We came along the most arid country, all stones, but lots of vines were growing apparently out of the stones, as I could see hardly any soil about them; in some parts there was more soil, and on the hillsides patches of earth for vineyards. The railway winds in and out of the hills which are grey, and the only bit of colour to be seen was in the costumes of the peasants, which was an agreeable relief from the great monotony of stone. Men and women were very busy digging and attending to the vines. We passed Traù and Salona at some distance, at the latter are many Roman remains, which are beautifully situated over the bay. Salona was once the capital of Roman Dalmatia and had a naval harbour, its massive walls were washed by the sea in those days, but now it has receded far from the ruins. In the Roman Civil War, Salona adhered to Cæsar, and was besieged by Octavius, Pompey’s general. Much excavation is still going on, and the chief relics are removed to the Museum at Spalato. Diocletian had a beautiful palace overlooking this bay, which covered nine and a half acres in extent. Diocletian was born near Ragusa.

This little railway ends at Spalato, where we once more joined the yacht.

Spalato is picturesquely encircled by lofty hills and lies in a fertile region on a peninsula.
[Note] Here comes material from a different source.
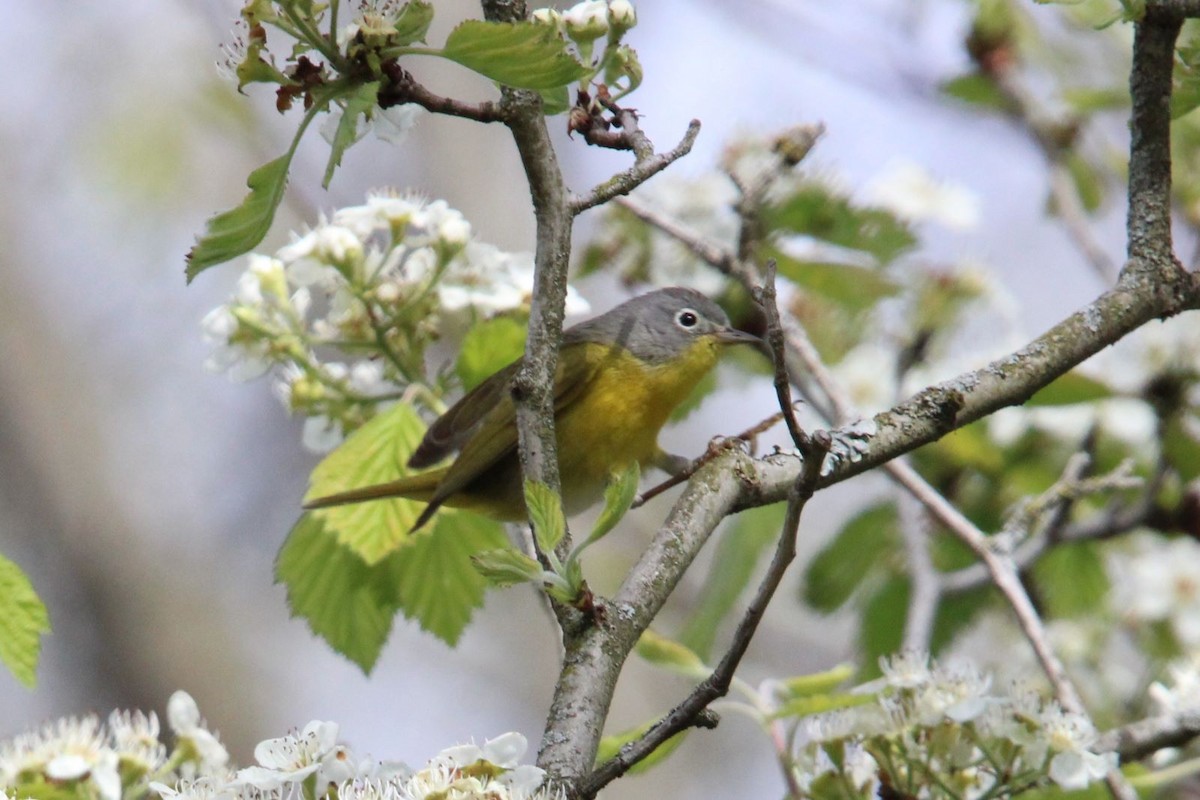 Nashville Warbler - ML617973640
The town owes its name to a great palace (palatium) of Diocletian, within the precincts of which a great part of the old town is built. The palace formed a little world of its own, with temples, baths, &c., of which the principal remains are more or less built over, as for instance the Cathedral piazza, once the peristyle, has twelve Corinthian columns, some of which are built into the houses, while the south end is occupied by an imposing vestibule with four columns of red granite. This vestibule once led to the private state apartments and from it opens a Rotunda.

The Cathedral, a fine edifice, enclosed by a dilapidated colonnade (originally the Mausoleum of Diocletian) is now dedicated to the Virgin and St. Diomo. In the interior are eight columns, twenty-three feet high, bearing an ambulatory, on which stand eight columns which were once crowned by statues. Between these columns at the top is a frieze with hunting scenes, portraits, and various other figures. The pulpit and choir-stalls are also Romanesque: the columns of the former with their capitols are very fine. The Baptistery was supposed to have been the private temple of Diocletian, dedicated to Jupiter.
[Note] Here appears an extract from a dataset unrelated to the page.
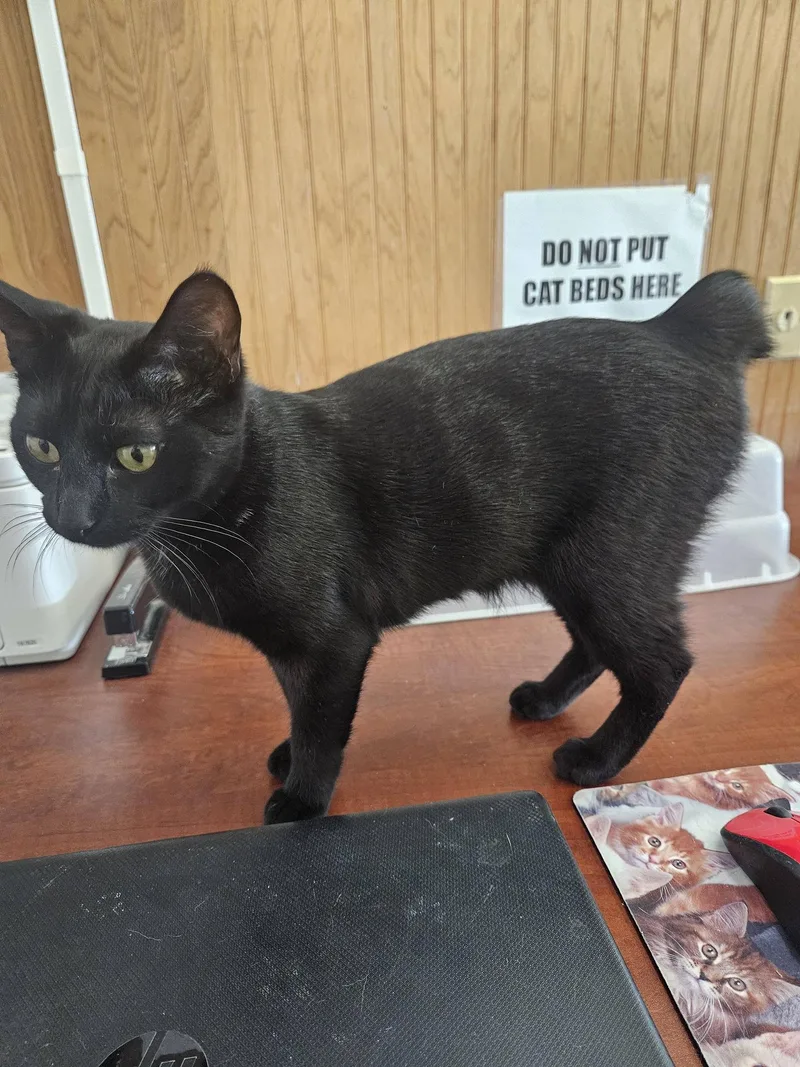 A young medium-sized female Black Domestic Short Hair cat named Lotto for adoption in Quincy, CA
The Porta Aurea is on the north and is the palace gate facing the land. This gate is most imposing and impressive, no doubt because it has not been mixed up with modern buildings, so you get a clear view of it.

Happily for me while at Spalato something went wrong with the yacht’s boiler, this much refreshed me by its kindness, and I decided to take a little jaunt of my own to Traù, a town we had passed on our way, so to Traù I went, accompanied by the old courier Angelos. We chartered a carriage and drove to this dear little place with a lovely old Venetian Cathedral. At Spalato we had a thunderstorm, and the weather still looked threatening, so after seeing the sights of Traù, I settled down to work on the old Venetian gate of the town. I had only time to draw it that evening and hoped to return next day, as we had to stay the night at Traù, but alas! it rained hard all night, and I was wondering if I should rise at day-break or not, when I suddenly remembered the door and covered-in porch of the Cathedral. To this I started off in a downpour, but found I could sit comfortably inside the porch, and there old Angelos found me in due course, hard at work, and there I sat till lunch time.

In the afternoon it cleared, and I went on painting the gate, but the wind blew my sketch twice off the easel, so I had to give it up and ordered the carriage to return to Spalato. Two ruffianly looking youths clad in brown coats with hoods acted as coachman and footman. When we reached the _octroi_, they had to throw back their coats for inspection underneath; as it was raining and the hood was up, the douanier proceeded to examine the inside of the carriage, and found old Angelos and myself, at which he saluted respectfully and waved us on.